W poniedziałek, 27 stycznia, siatkarki Impelu Wrocław zmierzą się na wyjeździe z zespołem Polski Cukier Muszynianka Fakro Bank BPS Muszyna w meczu 16. kolejki Orlen Ligi.
W środę wrocławianki wygrały z belgijskim zespołem Hermes Ostenda 3:0 i awansowały do ćwierćfinału Pucharu Challenge. Trener Tore Aleksandersen dał odpocząć podstawowym zawodniczkom, ale mimo to Impel i tak nie miał żadnych problemów z pokonaniem niżej notowanych rywalek.

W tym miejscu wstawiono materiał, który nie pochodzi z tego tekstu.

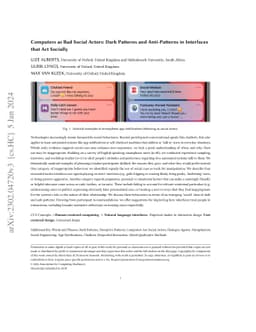 Computers as Bad Social Actors: Dark Patterns and Anti-Patterns in
  Interfaces that Act Socially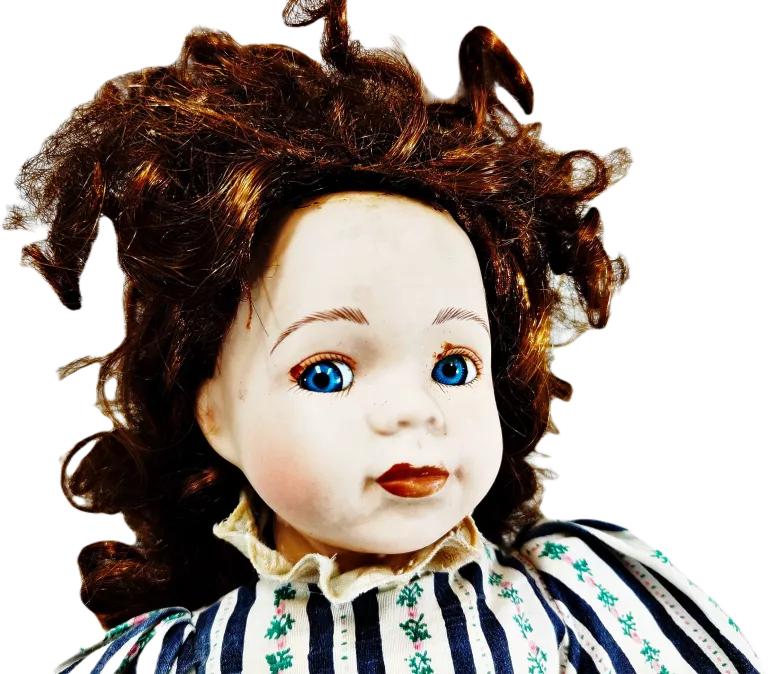 LALKA PORCELANOWA DZIEWCZYNKA USZKODZONE WŁOSY 45 CM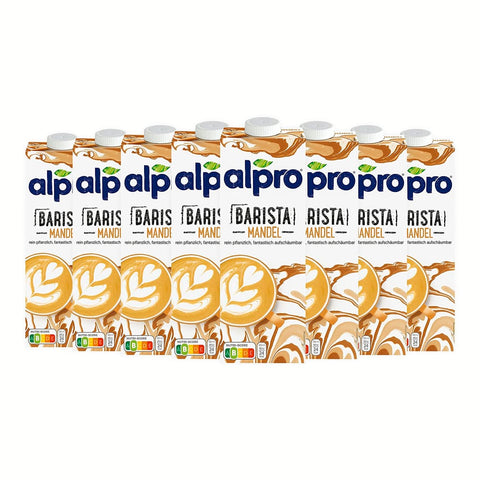 Alpro Mandel Alpro Barista Mandel nussiger Geschmack Zuckerarm Aufschäumbar je 1 Liter 8x Original italienisch 5411188129899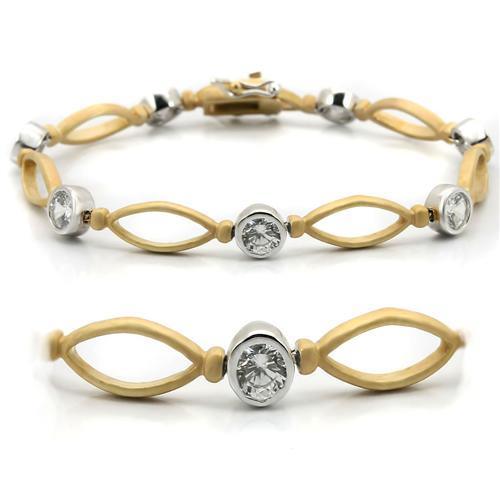 Women's Jewelry - Bracelets Women's Bracelets - LO1154 - Matte Gold & Rhodium Brass Bracelet with AAA Grade CZ in Clear
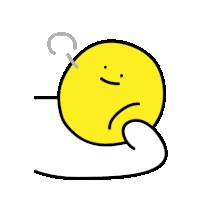 a cartoon drawing of a yellow smiley face with a question mark on its head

Także w lidze zespół ze stolicy Dolnego Śląska radzi sobie bardzo dobrze i przed rundą play-off jest już pewny zajęcia przynajmniej trzeciego miejsca. W niedzielę nikt nie zamierza jednak odpuszczać. – Kluczowy w tym spotkaniu będzie serwis i przyjęcie. Nad tymi elementami pracujemy codziennie. Chciałbym, żebyśmy udowodnili, że jesteśmy lepszym zespołem, bo w końcu chcemy walczyć o medale – podkreśla norweski szkoleniowiec Impelu.
Drużyna Muszynianki spisuje się w tym sezonie poniżej oczekiwań i zajmuje obecnie dopiero siódme miejsce w tabeli. Przed tygodniem siatkarki z Muszyny przegrały na wyjeździe z Aluprofem Bielsko-Biała 2:3, a ponieważ do końca rundy zasadniczej pozostały tylko trzy kolejki, każdy punkt jest dla nich na wagę złota.
W listopadzie wrocławianki wygrały z Muszynianką w Hali Orbita 3:2. – Nie zagrałyśmy wtedy bardzo dobrej siatkówki i można powiedzieć, że się męczyłyśmy. Tym razem przeciwnik też na pewno się przed nami nie położy i dziewczyny na pewno będą walczyły o każdy punkt – przyznała siatkarka Impelu Bogumiła Pyziołek.
Poniedziałkowe spotkanie rozpocznie się o godz. 17.00 w Muszynie.